(Recorded data)
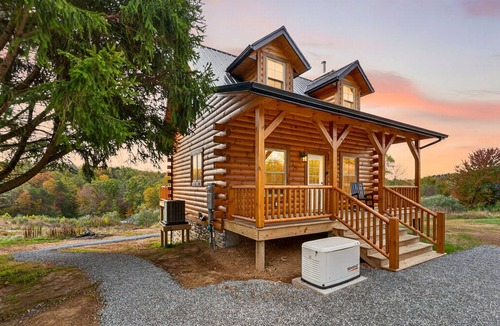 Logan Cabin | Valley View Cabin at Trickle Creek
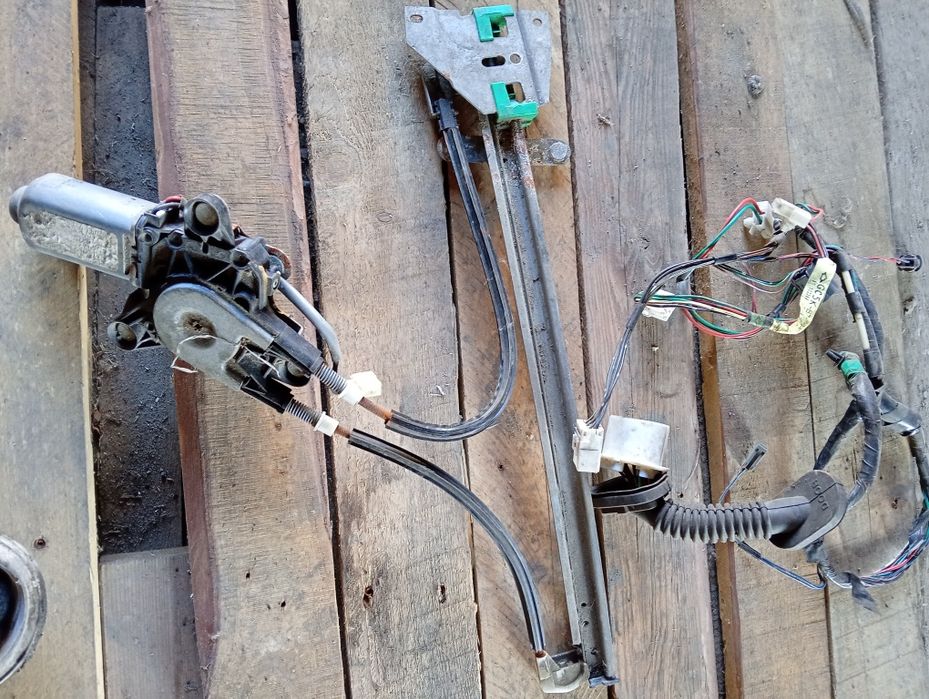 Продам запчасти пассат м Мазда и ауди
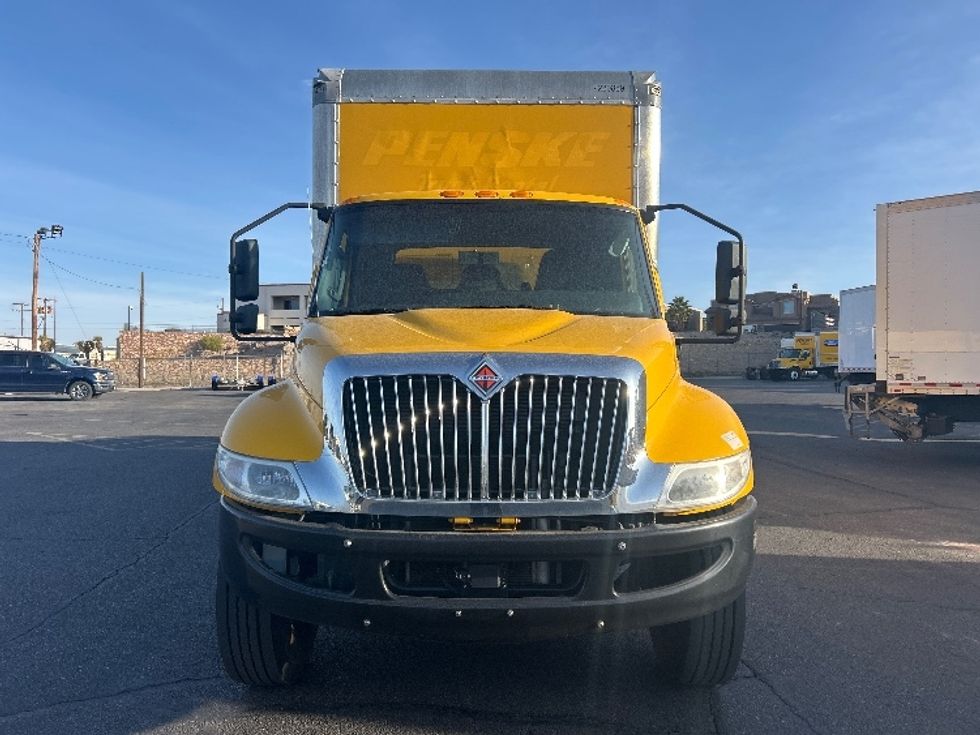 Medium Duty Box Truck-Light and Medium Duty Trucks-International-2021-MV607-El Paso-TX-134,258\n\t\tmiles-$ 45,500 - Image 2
(End Recorded data)
## Task description
The reply should consist only of the lines running from the one with "Продам запчасти пассат м Мазда и ауди" through the end of the material, both included, copied exactly; please omit pictures.

## Task response
 Продам запчасти пассат м Мазда и ауди
 Medium Duty Box Truck-Light and Medium Duty Trucks-International-2021-MV607-El Paso-TX-134,258\n\t\tmiles-$ 45,500 - Image 2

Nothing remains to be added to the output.